INSTRUCTIONS FOR THE TASK:
Go through the data and copy every line exactly, but not the images.

DATA SHOWN:
####
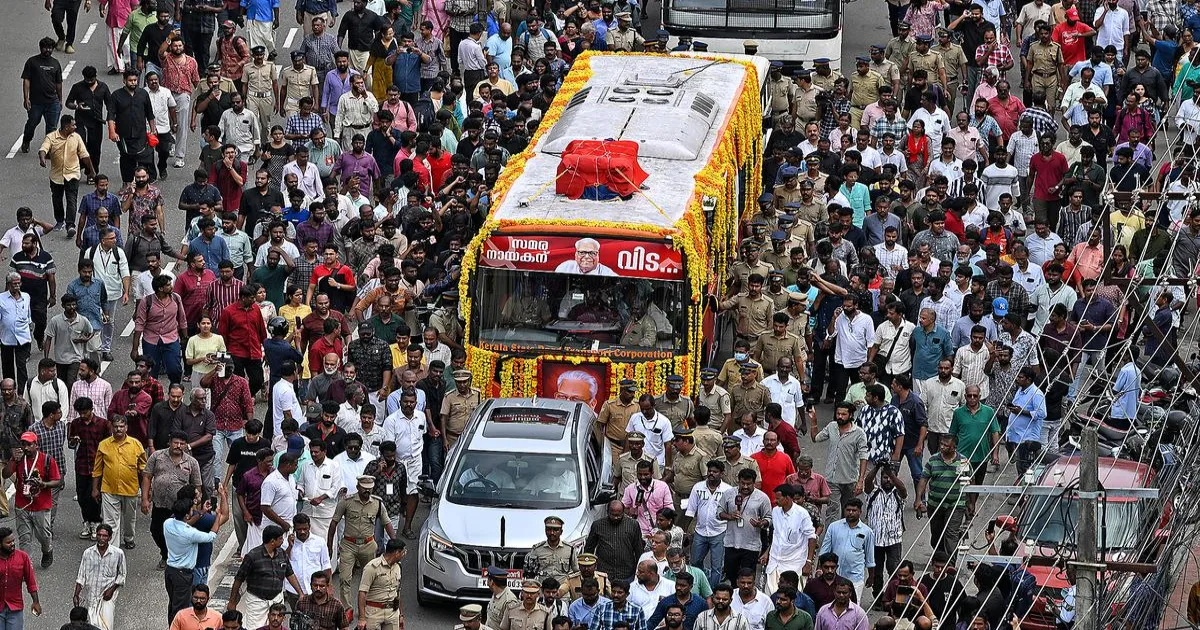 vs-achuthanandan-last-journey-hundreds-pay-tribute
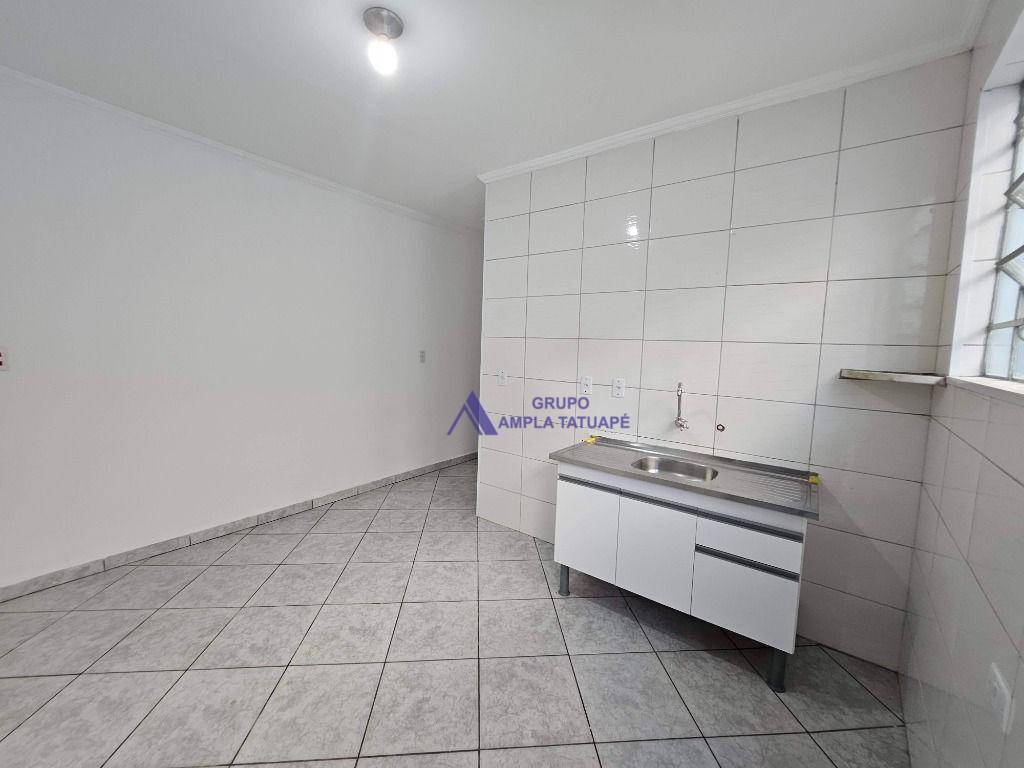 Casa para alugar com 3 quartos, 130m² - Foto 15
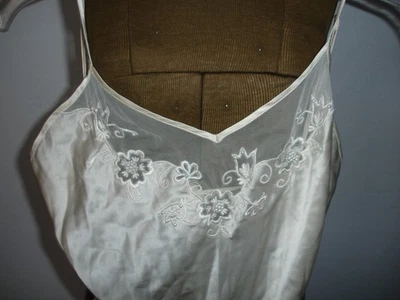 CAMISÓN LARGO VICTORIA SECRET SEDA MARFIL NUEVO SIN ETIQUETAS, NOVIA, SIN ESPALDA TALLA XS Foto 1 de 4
####
THE ANSWER:
 vs-achuthanandan-last-journey-hundreds-pay-tribute
 Casa para alugar com 3 quartos, 130m² - Foto 15
 CAMISÓN LARGO VICTORIA SECRET SEDA MARFIL NUEVO SIN ETIQUETAS, NOVIA, SIN ESPALDA TALLA XS Foto 1 de 4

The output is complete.